免疫とは、病原体などの異物(「抗原」といわれています)が体内に侵入してきたときに、異物を攻撃する武器(「抗体」といわれています)を作って、異物を対外へ排除する体のシステムのことです。
関節リウマチの患者さんのおよそ7割が「リウマチ因子」と呼ばれる特有の自己抗体をもっていますが、このリウマチ因子が、本来なら自分の体を守るために働く免疫グロブリン(Ig)の中のIgGという抗体に反応して、トラブルを起こします。
この免疫システムに普段とは違う異常が起きると、様々な病気を引き起こさてしまいます。
例を挙げると、花粉症や食物アレルギーなどは、特定の花粉や食べ物の成分などに過剰に反応してしまうという体の免疫システムの異常によるものなのです。
しかし発病と密接な関係があり診断に重要な要素であることは間違いないのです。しかし免疫システムの異常がかかわっていることがわかっててきているのです。
このリウマチという病気の原因は、今のところ完全に解明されたわけではありません。そのため、リウマチ因子を持っていることだけが関節リウマチを起こす原因とは言い切れません。

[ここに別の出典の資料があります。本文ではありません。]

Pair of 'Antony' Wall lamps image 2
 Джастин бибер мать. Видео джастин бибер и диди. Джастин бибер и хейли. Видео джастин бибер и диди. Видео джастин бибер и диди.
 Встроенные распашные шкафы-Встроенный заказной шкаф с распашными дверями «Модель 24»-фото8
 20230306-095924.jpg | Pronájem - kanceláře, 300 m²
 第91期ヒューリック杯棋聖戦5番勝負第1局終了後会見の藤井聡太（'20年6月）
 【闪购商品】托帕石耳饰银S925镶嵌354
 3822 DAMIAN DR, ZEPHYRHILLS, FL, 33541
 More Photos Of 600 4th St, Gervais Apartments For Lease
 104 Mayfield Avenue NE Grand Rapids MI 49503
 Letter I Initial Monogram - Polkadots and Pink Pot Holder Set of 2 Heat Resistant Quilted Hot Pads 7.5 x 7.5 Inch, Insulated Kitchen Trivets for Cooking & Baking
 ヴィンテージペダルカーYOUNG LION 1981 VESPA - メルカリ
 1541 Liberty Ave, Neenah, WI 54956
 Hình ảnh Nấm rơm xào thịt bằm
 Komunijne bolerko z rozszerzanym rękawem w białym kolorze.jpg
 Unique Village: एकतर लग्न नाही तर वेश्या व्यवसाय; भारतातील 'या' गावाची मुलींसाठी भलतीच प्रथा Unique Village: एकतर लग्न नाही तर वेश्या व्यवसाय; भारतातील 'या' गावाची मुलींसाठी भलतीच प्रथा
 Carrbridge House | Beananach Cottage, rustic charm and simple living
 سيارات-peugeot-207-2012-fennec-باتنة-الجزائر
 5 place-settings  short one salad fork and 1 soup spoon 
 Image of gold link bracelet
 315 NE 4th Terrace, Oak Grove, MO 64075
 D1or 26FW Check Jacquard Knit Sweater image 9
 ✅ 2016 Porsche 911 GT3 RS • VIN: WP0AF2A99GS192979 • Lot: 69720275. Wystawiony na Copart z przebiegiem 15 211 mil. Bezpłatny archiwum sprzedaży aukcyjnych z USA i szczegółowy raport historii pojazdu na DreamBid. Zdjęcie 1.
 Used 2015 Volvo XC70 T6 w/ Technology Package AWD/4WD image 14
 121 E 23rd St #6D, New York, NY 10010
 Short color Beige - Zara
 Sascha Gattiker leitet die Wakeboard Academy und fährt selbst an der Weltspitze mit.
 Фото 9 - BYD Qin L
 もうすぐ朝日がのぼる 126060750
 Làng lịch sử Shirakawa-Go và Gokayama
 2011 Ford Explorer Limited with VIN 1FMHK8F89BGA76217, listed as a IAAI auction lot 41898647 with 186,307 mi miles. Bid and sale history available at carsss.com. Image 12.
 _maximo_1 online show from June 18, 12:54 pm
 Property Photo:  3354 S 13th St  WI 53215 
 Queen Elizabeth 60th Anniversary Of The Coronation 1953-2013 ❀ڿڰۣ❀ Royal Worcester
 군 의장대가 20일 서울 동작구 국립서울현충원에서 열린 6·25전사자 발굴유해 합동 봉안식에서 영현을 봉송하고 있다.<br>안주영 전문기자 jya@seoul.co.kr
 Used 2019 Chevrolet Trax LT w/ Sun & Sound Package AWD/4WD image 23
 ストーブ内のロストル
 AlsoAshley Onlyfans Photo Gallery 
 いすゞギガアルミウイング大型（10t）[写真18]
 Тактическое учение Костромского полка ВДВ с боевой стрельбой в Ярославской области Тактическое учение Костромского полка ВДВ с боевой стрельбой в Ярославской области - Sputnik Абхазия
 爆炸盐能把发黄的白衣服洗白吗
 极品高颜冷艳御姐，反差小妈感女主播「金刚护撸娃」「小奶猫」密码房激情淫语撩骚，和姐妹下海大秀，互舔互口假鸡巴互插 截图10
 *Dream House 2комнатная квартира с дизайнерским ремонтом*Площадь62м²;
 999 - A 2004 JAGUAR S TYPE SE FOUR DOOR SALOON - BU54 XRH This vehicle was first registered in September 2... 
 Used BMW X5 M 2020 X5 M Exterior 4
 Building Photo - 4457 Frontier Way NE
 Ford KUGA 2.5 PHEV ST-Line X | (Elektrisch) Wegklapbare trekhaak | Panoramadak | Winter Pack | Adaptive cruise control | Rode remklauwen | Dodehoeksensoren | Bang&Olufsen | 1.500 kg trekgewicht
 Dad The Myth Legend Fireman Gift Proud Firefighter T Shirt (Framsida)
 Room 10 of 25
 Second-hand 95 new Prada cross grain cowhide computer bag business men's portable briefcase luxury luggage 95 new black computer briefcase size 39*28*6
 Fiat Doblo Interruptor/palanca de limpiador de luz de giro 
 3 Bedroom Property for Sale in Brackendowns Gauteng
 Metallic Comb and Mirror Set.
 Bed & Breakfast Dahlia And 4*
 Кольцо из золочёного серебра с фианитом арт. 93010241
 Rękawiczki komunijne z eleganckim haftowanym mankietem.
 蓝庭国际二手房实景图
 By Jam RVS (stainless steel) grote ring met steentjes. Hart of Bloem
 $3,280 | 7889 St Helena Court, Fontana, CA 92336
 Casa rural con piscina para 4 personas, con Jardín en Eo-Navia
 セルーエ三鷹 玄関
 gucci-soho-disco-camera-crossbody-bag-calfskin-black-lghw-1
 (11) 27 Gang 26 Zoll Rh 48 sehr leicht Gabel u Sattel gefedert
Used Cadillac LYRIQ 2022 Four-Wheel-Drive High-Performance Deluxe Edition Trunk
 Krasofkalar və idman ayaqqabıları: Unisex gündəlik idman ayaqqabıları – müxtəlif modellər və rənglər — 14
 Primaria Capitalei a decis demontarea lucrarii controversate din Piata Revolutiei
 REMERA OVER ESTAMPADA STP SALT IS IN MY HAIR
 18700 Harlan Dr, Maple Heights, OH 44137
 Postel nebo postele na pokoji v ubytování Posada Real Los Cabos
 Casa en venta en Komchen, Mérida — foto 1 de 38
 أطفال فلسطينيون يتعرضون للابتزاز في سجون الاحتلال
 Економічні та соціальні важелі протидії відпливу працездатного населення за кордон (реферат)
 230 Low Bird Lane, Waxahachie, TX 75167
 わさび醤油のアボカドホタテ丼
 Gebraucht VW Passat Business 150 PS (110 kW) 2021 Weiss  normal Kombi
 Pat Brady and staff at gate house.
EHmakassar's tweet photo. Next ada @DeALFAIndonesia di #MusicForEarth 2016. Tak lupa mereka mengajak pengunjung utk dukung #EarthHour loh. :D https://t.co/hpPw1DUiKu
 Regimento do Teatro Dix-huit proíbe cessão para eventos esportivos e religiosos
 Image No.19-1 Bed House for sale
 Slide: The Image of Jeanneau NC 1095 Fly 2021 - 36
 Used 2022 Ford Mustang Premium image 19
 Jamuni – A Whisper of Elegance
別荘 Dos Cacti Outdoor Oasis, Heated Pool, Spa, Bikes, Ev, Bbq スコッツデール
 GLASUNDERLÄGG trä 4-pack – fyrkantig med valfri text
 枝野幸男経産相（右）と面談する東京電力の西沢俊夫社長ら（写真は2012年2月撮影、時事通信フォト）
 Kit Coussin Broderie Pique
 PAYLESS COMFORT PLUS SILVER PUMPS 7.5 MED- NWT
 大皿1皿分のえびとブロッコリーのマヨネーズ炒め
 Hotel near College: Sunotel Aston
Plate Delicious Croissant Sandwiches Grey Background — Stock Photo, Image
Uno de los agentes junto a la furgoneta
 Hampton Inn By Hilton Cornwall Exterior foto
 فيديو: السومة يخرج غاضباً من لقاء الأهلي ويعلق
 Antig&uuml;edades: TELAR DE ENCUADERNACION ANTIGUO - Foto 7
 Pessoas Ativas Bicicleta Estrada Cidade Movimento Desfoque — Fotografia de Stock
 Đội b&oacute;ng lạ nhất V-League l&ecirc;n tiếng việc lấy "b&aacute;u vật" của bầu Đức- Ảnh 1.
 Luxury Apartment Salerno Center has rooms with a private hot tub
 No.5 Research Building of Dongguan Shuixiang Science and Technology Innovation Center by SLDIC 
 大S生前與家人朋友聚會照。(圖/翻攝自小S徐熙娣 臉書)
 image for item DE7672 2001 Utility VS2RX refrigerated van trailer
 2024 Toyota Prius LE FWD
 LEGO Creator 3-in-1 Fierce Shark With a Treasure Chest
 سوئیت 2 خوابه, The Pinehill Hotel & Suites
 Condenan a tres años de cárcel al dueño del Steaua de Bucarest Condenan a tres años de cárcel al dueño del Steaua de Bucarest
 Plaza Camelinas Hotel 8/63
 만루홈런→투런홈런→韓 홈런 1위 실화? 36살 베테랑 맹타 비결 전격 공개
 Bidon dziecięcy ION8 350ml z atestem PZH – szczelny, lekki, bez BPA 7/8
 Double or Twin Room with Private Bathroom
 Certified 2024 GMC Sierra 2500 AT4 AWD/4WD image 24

但し、このリウマチ因子は、健康な人でも持っていたりします。
逆にリウマチ因子を持たない関節リウマチ患者さんもいます。これらの免疫反応の標的は、あくまでも体外から体内に侵入した異物ですが、なかには、本来なら免疫反応を起こさないはずの自分の体を構成する成分を異物と間違えて抗体を作り、自分自身を攻撃してしまうことがあります。
このような病気を「自己免疫疾患」といい、関節リウマチはこの自己免疫疾患のひとつになのです。